Faisant écho à un amendement que j’avais déposé, le Gouvernement a rendu possible, par la loi du 21 février 2022 dite 3DS, le financement des résidences autonomie dans les territoires ultramarins. Il faut désormais que ces structures se déploient dans nos territoires, et je compte sur vous, monsieur le ministre, pour engager cette dynamique.
L’une des priorités de la feuille de route que vous avez reçue du ministre de l’intérieur et des outre-mer est la lutte contre la vie chère, qui doit se traduire par des résultats sensibles sur les prix des biens et des services, une action particulière étant portée sur les facteurs d’augmentation des prix.

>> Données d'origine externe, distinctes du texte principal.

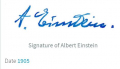 
															Lettre Albert EINSTEIN et signature
														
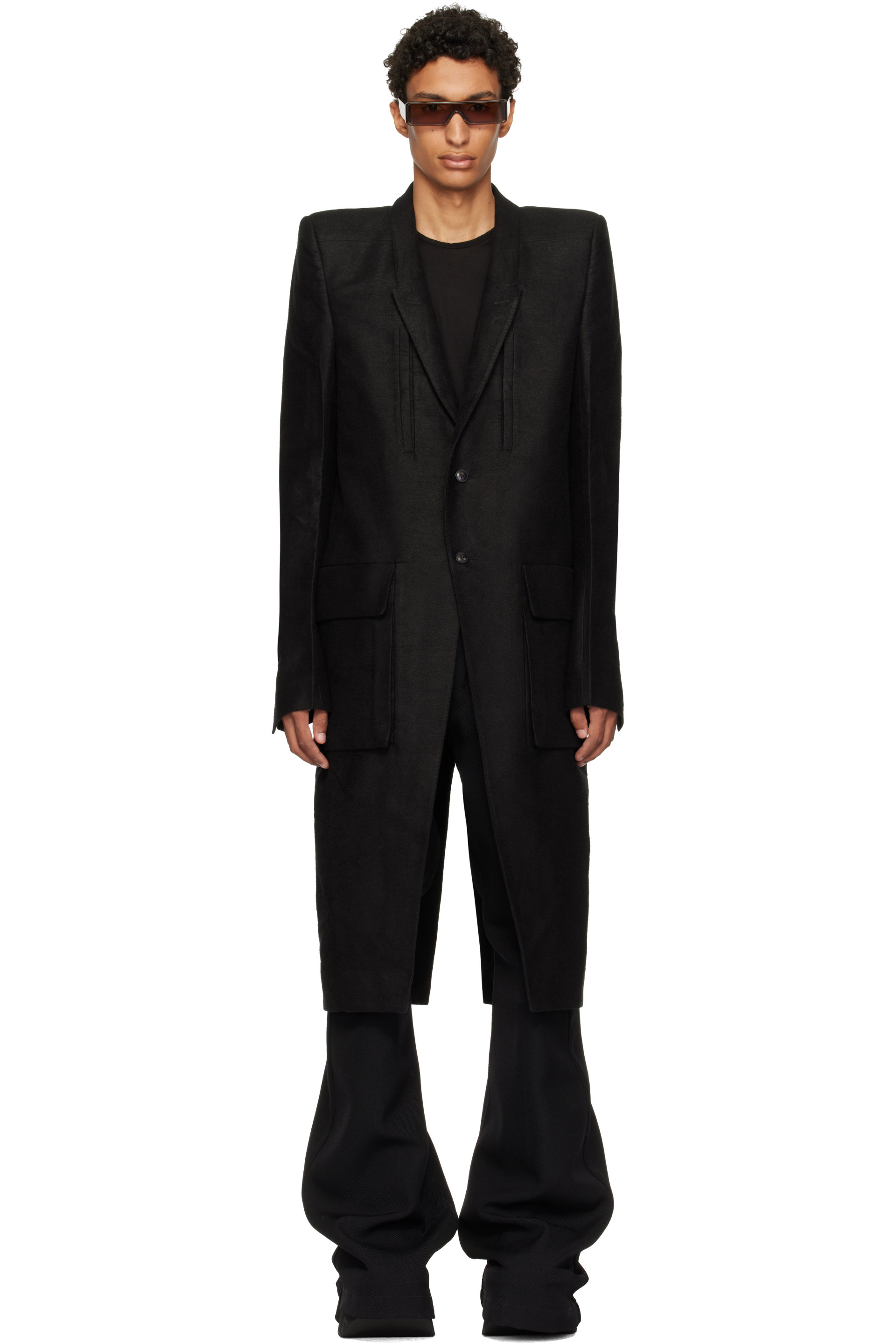 Rick Owens - Black Tower Customs Larry Coat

La quasi-totalité des élus ultramarins s’entend pour considérer que la remise en cause de l’octroi de mer constitue un danger grave pour les finances des collectivités locales, dans la mesure où les recettes de cette taxe peuvent représenter jusqu’à 40 % des budgets de fonctionnement des communes.
Une telle remise en cause serait également un danger pour nos TPE et nos PME, cette taxe protégeant leurs produits des importations.
Dans la crise que nous connaissons, il nous paraît plus opportun, à l’instar de ce qui a été fait en Guyane et à Mayotte, d’instaurer une TVA à 0 % sur les produits et services de première nécessité ; je sais toutefois que vous n’y êtes pas favorable.
La vie chère, c’est aussi le coût du fret qui explose et le prix des billets d’avion qui flambe. Monsieur le ministre, lors des débats à l’Assemblée nationale, vous avez indiqué que des réflexions étaient en cours sur ces thématiques. Ont-elles avancé ? Peut-on envisager un travail commun ?
Je conclurai en vous rappelant à la promesse du Président de la République concernant la hausse du coefficient géographique, qui doit devenir réalité. Nous comptons sur votre soutien, monsieur le ministre, car il s’agit d’un enjeu majeur pour les centres hospitaliers universitaires (CHU), notamment pour celui de La Réunion.
Les sénateurs, dans leur sagesse habituelle, amenderont ces crédits alloués à l’outre-mer ; je forme le vœu que, si le Gouvernement devait de nouveau engager sa responsabilité sur la première et la seconde partie du PLF lors de la navette, certains des apports de la Haute Assemblée soient conservés.